My semester started with the same project I had been working on for the entire summer. During the summer, my focus had been on automation of technology for this project. However, as the semester began, it seemed that my help was needed in other important parts of the research project as well: design of parts, optimization of designs, and, most importantly, experimentation. This transition into a much more appealing component of research motivated me to work even harder. Being a novice in the scholarly arena, I had a hard time sifting through publications. However, the realization that what I was researching was something totally unique and had never been considered by any individual up to that point never ceased to amaze me. In addition to gaining expertise in the technical area of research, I was also exposed to many other facets of graduate study through one of the seminars with faculty professors/graduate students set up by the IE consortium. The input/suggestions given by the professors answered a lot of questions I had about technicalities of applying to graduate school.

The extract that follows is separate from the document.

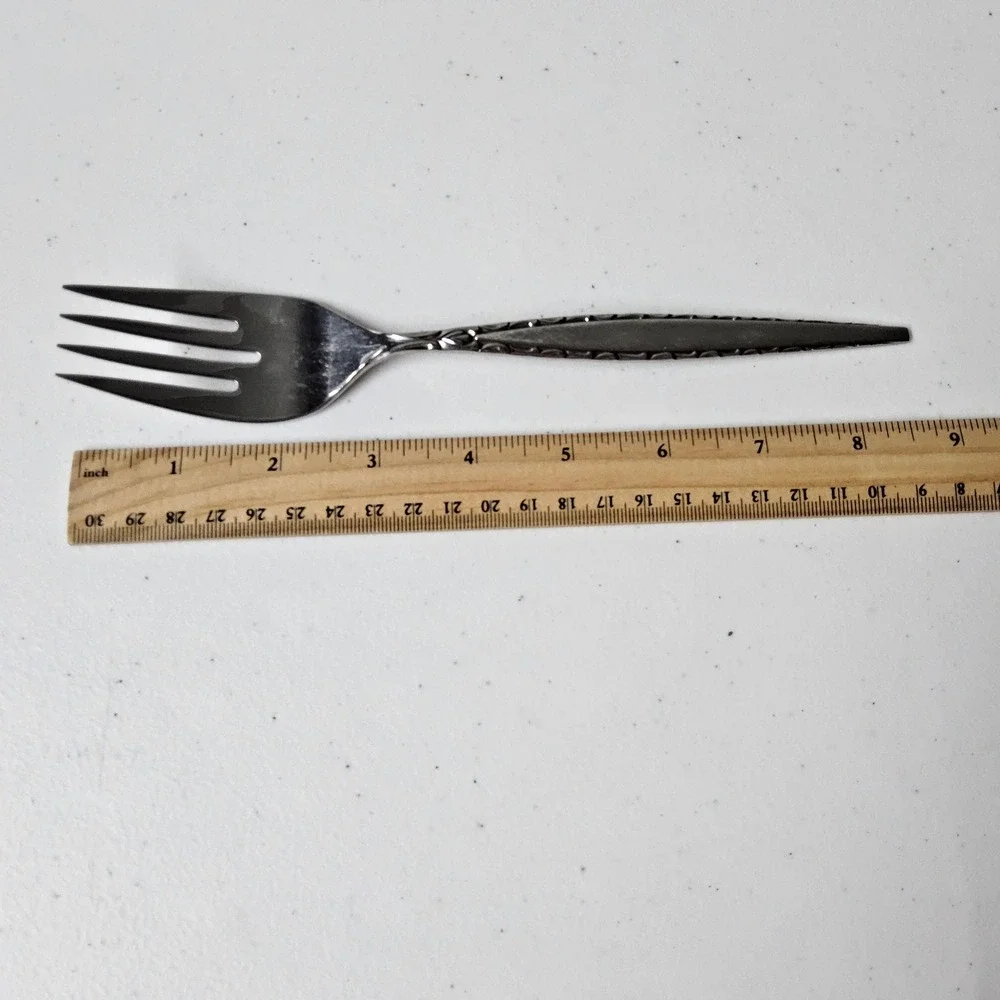 Vintage Oneida Community Venetia Stainless Steel Flatware Serving Fork‎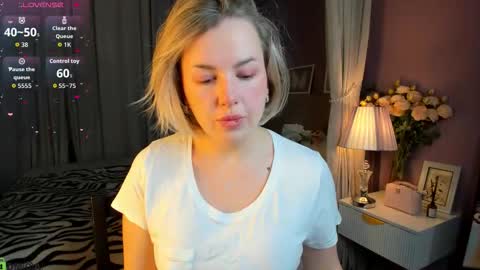 Snapshot of nikki_kai chatting on October 2025 01:05:01 AM Nikki online show from October 2025 01:05:01 AM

At first it felt like just another thing I have to attend, but the IE meetings soon became very important to me. I started taking immense interest in them and was part of some very intellectually stimulating conversations with some very motivated young researchers. Learning from the faculty mentor was just one part of this internship. Where I think I learned the most from was from graduate students. Students who had recently been in my position truly understood the dilemma I was going through: whether graduate school was the right choice for someone like me. According to the, this internship was the perfect opportunity for me figure out this dilemma. I spent hours watching graduate students perform experiments, experiments that were complicated and often failed. In fact, most of the experiments I administered or watched failed or did not give. But, as I have learned, learning from failure is very crucial during experimentation. If you can understand why certain adverse phenomena happen, you have the ability to simulate conditions in order to evade such situations.
Another important facet of research that I was exposed to was attending at a conference. Not only did I attend a conference, I had the opportunity to present my research at the American Physical Society: Division of Fluid Dynamics conference in Long Beach, CA. While I was there, I talked to so many people who loved what they were doing. These people motivated me even more to pursue research as a professional career. Realizing that no one had been working on the same research topic as me was very uplifting. I plan on continuing the same research topic next semester, and hoping to publish as soon the data collection process ends. However, a new experimental setup is needed which probably will kill a lot of time. Speaking of experimental setups, when it comes to Mechanical Engineers, building an optimized experimental setup is very crucial to the success of your experiment. I learned a lot about experimental setups, merely by observing graduate students working on them, and also through extensive literature review. I also built my own setup. It was not as elaborate as most of the graduate student ones I saw, but it was something I was proud of. I never knew I was good at putting optical components together until I actually did some hands-on work.
As I learned, voicing concerns and questioning anything you aren't sure of is also important in research. As undergraduate students, sometimes we are scared of voicing our concerns because of lack of confidence or because we are scared of embarrassment. Being an active researcher for about 6 months now, I can tell you that without questioning all your results and seeking hard to find these answers, your research will not go very far. It is very crucial that one understands his/her own results, because misinterpretation can lead to false experimental data.
The Intellectual Entrepreneurship consortium helped me decide whether graduate school was the right path for me. Before I entered this program, I was not sure of what I wanted to do. In fact, I was almost sure that graduate school was not the right path for me. Now it is clear to me that being a prestigious researcher is and will be the main academic focus of the rest of my life. Presenting at one of the most renowned conferences and being one of the youngest people there to do so created that confidence in me which will help through my entire academic life. In fact, for Masters' degree, I intend to continue my work in the field of Fluid Dynamics and eventually use my knowledge and apply it to biotechnology. Being a pioneer in Biotechnology is my main goal and Intellectual Entrepreneurship Consortium has helped me be on the right path for that end goal. I am glad I had the opportunity to partake in such a program where people help me decide my future plans. I would also like to thank Dr. Cherwitz, Dr. Darwin and the rest of the IE alumni for being a part of such a great program.